CHP Grup Başkanvekili Gökhan Günaydın, TBMM Genel Kurulu'nda yapılacak Hakimler ve Savcılar Kurulu (HSK) üye seçimine ilişkin açıklamalarda bulundu. Günaydın, TBMM Genel Kurulu'nda yaptığı konuşmada, HSK'nın 13 üyeden oluştuğunu, 4'ünü Cumhurbaşkanı'nın atadığını belirtti. Üyelerden birinin Adalet Bakanı, birinin de bakan yardımcısı olduğunu anımsatan Günaydın, şunları söyledi:
"5'TE 5 ÇEKMENİN İSTATİSTİKTEKİ YERİ NEDİR?"

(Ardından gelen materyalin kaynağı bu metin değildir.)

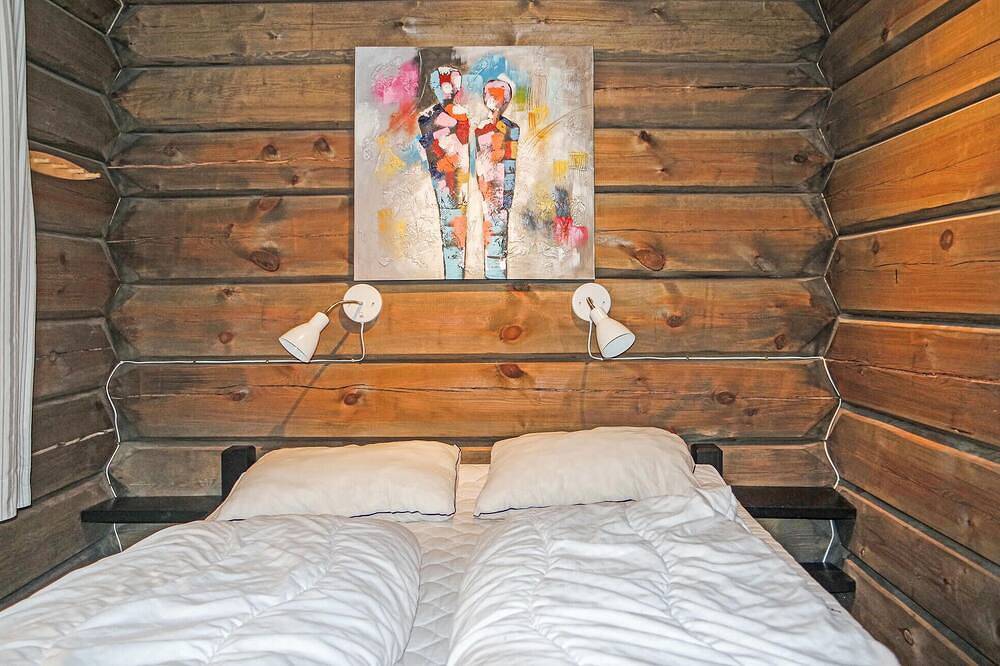 Schönes Haus mit 3 Schlafzimmern in. in Sjusjoen, Ringsaker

"Geriye 7 kalıyor. 7'yi de TBMM seçecek. Bu kurulun bağımsız ve tarafsız olabilmesi, en azından dengeli olabilmesi için Anayasa'nın 159. maddesi demiş ki, 'ilk turda 3'te 2 çoğunluk arayacaksın. İkinci turda 5'te 3 çoğunluk arayacaksın. Bulamazsan en çok oy alanlardan at çekme suretiyle 3'üncüyü bulacaksın.' Bununla hiç olmazsa altı kişiyi seçen Cumhurbaşkanını dengelemeye çalışmış."

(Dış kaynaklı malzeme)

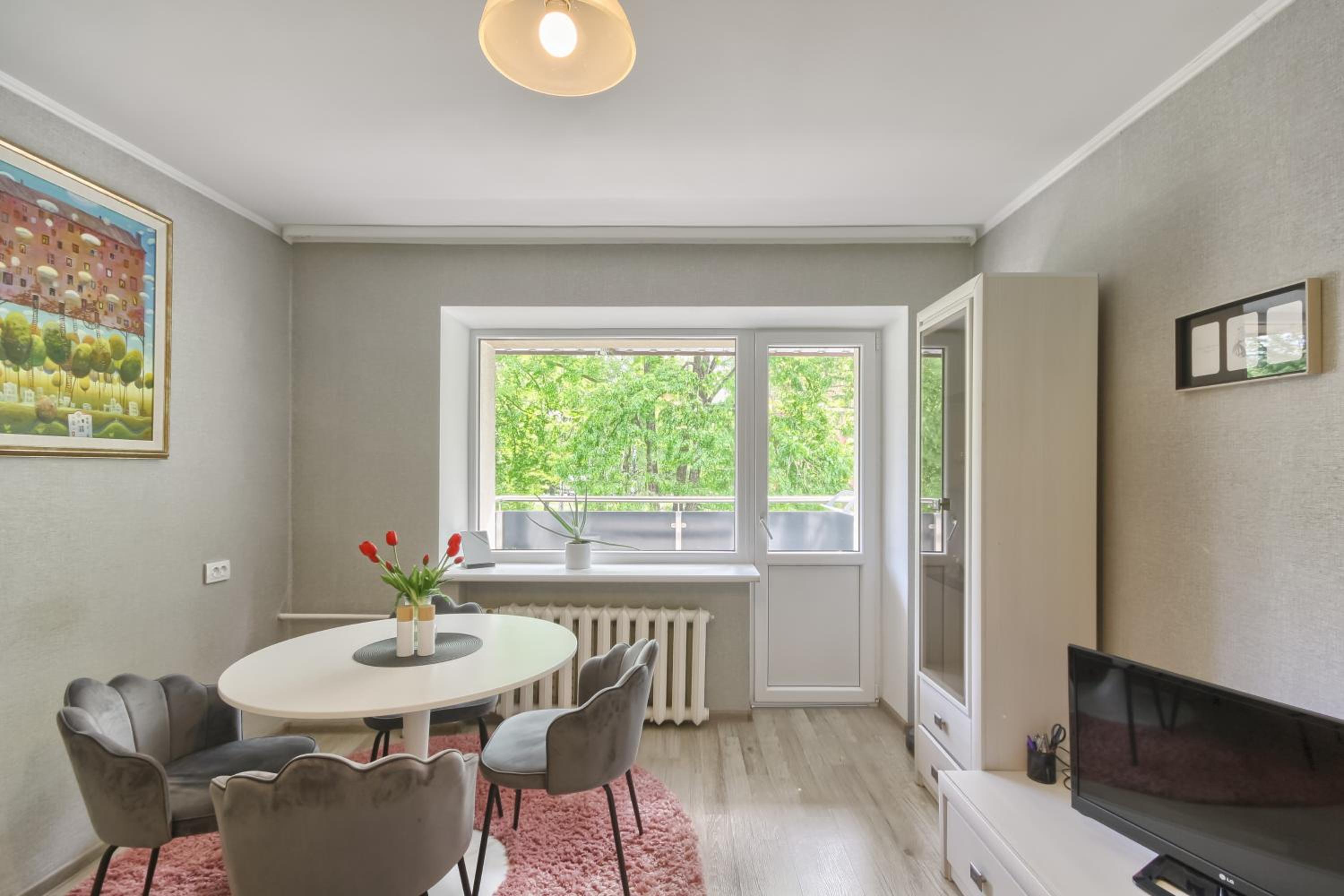 Apartamentai Vilniaus alėjoje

Önceki seçimlerde komisyonda HSK üyelerinin tamamının iktidar tarafından seçildiğini belirten Günaydın, "Burada da istatistik bilimini ağlatarak 5 kişiyi istediğiniz torbadan çekmeyi başardınız. Bu, TBMM adına kara bir lekedir. Bunun altını çizeyim. Hiç kimse böyle bir şey olmadı diye nutuk atmasın. 5'te 5 çekmenin istatistikteki yeri nedir? Siz önce bir ondan haber verin. Bugün bir HSK seçimi daha yapılacak. Grubumuz aynı tiyatronun bir kere daha sahnelenmesine ortak olmayacak. Buradan çıkacağız. Yalnızca burada grup yönetim kurulu üyesi arkadaşlarımız olacak" diye konuştu.
"ORTADA İSPATLANMIŞ BİR SUÇ YOK, BUNA RAĞMEN İMAMOĞLU VE BELEDİYE BAŞKANLARI, GÖREVLİLERİ TUTUKLU"

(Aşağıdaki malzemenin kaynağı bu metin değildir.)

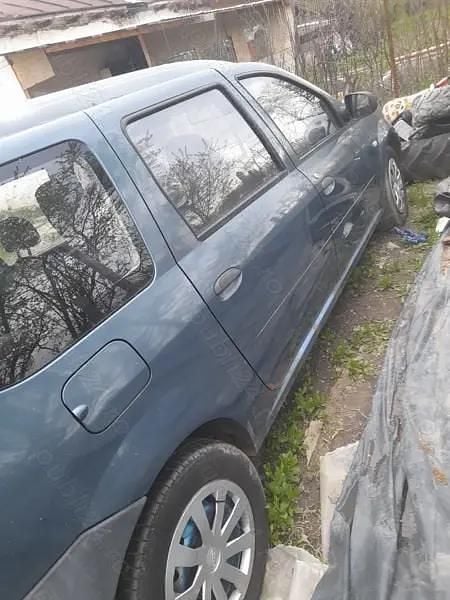 Utilizat 2007 Dacia Logan MCV | 5.000 EUR - Imagine 1/4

İYİ Parti Grup Başkanvekili Mehmet Satuk Buğra Kavuncu da İstanbul Büyükşehir Belediye Başkanı Ekrem İmamoğlu ve ailesi ile ilgili bir süreç işlediğini belirterek, şunları kaydetti:
"Önce babası İmamoğlu, daha sonra oğlu Selim İmamoğlu ifadeye çağrıldı ve yurt dışına çıkış yasağı getirildi. Peşinden eşi Dilek İmamoğlu'nun da pasaportuna el konuldu. Arkadaşlar daha mahkeme süreçleri devam ediyor. Ortada ispatlanmış bir suç yok, suçlu yok. Bir iddia var, ithamlar var. Bunun dışında hiçbir şey yok. Buna rağmen İmamoğlu ve belediye başkanları, görevlileri tutuklu. Ben geçmişte, yaşım o günleri hatırlayacak kadar var, bu tutuklamaların olduğu zamanlarda aile ile uğraşıldığını hatırlamıyorum. İnsanların oğluna, evladına, eşine, karısına, kocasına bir şekilde ulaşıldığını, onlarla uğraşıldığını hiç hatırlamıyorum. Benim yakınlarımdan da tutuklananlar oldu. Ben böyle bir dönem hatırlamıyorum ki, milletin tepesine bombalar yağdıran bir darbeci generalin kardeşini nerelere koyduğunuzu da gördük. Suçun şahsiliği ilkesinde buralarda hiçbir sıkıntı yok.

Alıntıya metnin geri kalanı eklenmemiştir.